• **DESCRIPTION OF THE TASK**: Dropping every picture, set down exactly the lines in the entries below, starting with the line with "Immagine di Papa" and going on through the line with "Toyota Yaris 2016 1.0 5 porte".

• **SOURCE RECORDS**:
+--

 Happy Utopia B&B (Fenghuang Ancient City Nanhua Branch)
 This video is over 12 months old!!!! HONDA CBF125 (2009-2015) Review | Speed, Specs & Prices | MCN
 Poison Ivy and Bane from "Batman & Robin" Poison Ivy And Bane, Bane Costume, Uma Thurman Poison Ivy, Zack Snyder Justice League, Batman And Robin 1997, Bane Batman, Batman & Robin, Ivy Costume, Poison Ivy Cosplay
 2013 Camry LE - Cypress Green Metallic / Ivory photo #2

+--

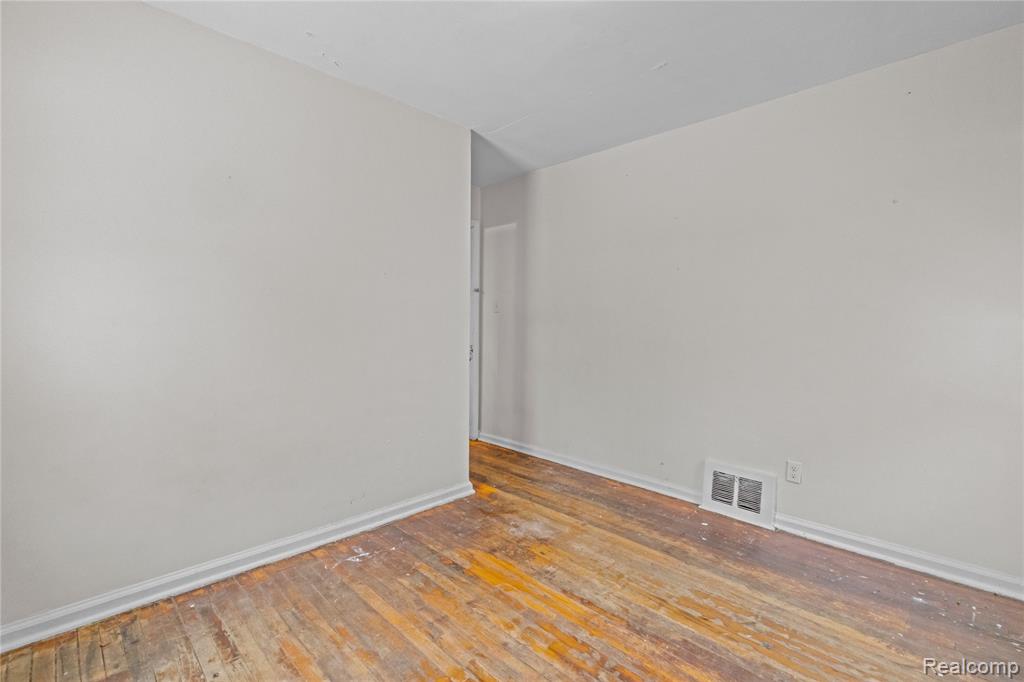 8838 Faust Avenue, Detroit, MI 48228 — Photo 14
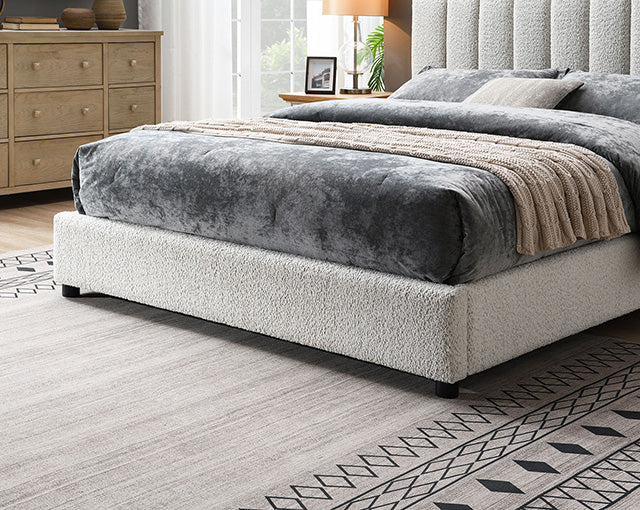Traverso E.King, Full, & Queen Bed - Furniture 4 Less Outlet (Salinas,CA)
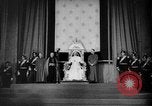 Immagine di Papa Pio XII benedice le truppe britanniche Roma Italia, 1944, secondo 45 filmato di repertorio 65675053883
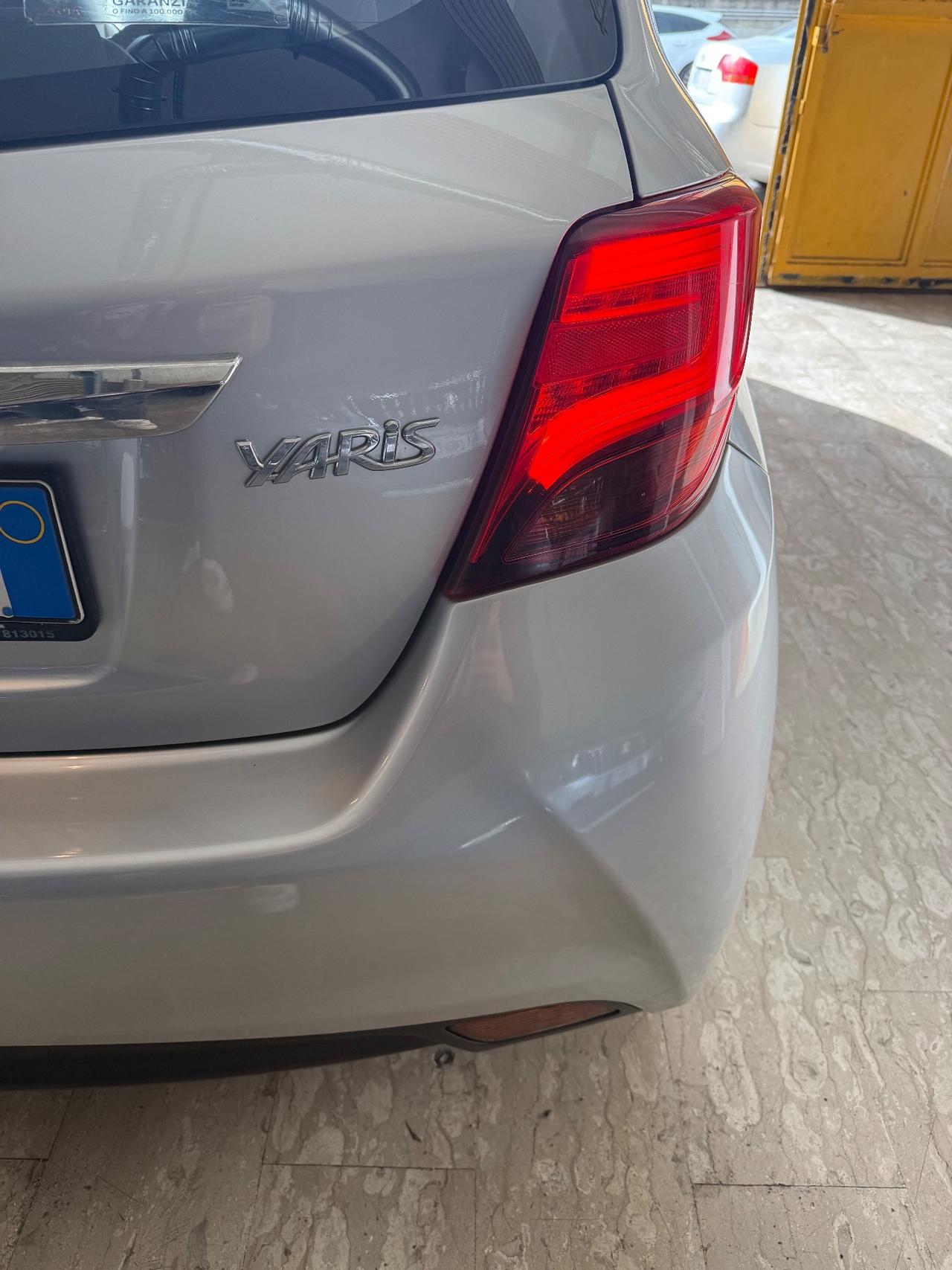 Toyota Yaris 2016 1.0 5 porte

+--

• **PROBLEM SOLUTION**:
 Immagine di Papa Pio XII benedice le truppe britanniche Roma Italia, 1944, secondo 45 filmato di repertorio 65675053883
 Toyota Yaris 2016 1.0 5 porte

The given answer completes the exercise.